Ad esempio questa mania della fan fiction è una miniera di storie che hanno a che fare con la letteratura, e non con la denuncia sociologica. No. Se sei bravo, inventi una storia a tua volta. Ci sono dei falsi valori su cui si è appoggiata la critica in questi anni, che forse è rimasta un po’ arretrata rispetto a quello che invece alcuni scrittori che non sono a loro volta critici hanno sperimentato. E non solo in l’Italia. Ci rifletto spesso sulla paura di usare questa espressione, “sociologico”. Non è un insulto, non è una parolaccia. Da qualche parte uno deve iniziare.
Un altro tema che torna sempre nei suoi libri sono i legami e le relazioni con gli altri, specialmente nella famiglia o tra le generazioni, che sembra interessante in rapporto con quello che stava dicendo sulla società, sull’importanza di guardare quello che sta succedendo intorno a noi.
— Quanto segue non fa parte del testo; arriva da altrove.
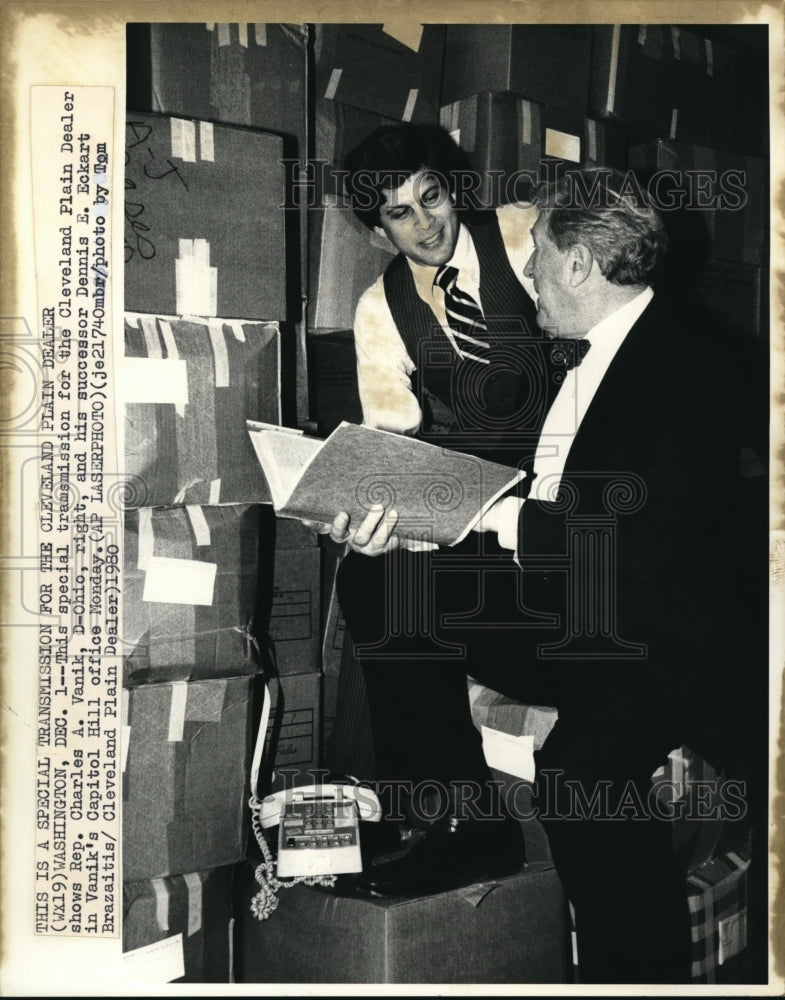 1980 Press Photo Representative Charles Vanik and his successor Dennis Eckart- Historic Images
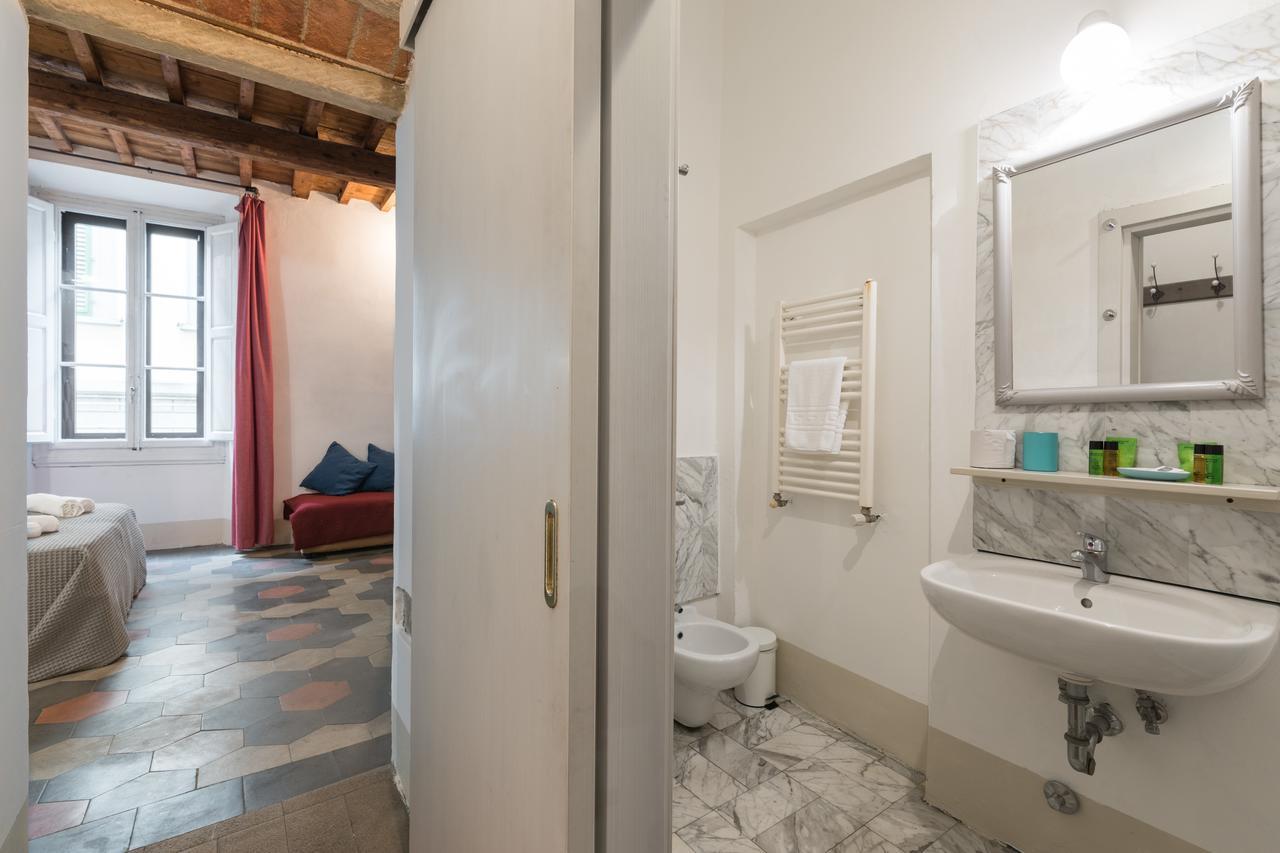 F7 - Santa Croce One Bedroom Flat For 2 Or 3 Guests Firenze Kültér fotó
I legami con gli altri sono fondamentali in qualsiasi forma di racconto. Io ho sempre indagato con più facilità, per una questione mia, forse di maturazione proprio come individuo, quelli di figlia. Banalmente sono rimasta figlia, non sono diventata una madre. Ognuno ha il suo piccolo mondo in cui trova cose note, che può essere un mondo di fratelli, come quello di Salinger, o un mondo di amici, come mille scrittori, o un mondo di relazioni madre-figlia. Quest’ultimo io l’ho analizzato e declinato in tante storie, perché forse è il rapporto umano che conosco meglio. Io credo che uno scriva con maggiore disinvoltura, con maggior divertimento delle cose che conosce di più a livello emotivo. Quello madre-figlia è il rapporto più assoluto nella mia vita, non smette mai di interessarmi.
In Animali domestici c’è un po’ meno, anzi direi che non c’è per niente, e io ne sono abbastanza soddisfatta. Mi sono concentrata più sui rapporti di coppia tra uomo e donna, una cosa che per me era molto più difficile da raccontare. In questo libro ho detto: “Adesso voglio scrivere qualcosa che abbia a che fare col rapporto uomo-donna”. Per me è come dire: “Andiamo su Marte”, e sono andata su Marte! Insomma, ce l’ho fatta a esplorare anche altri legami umani.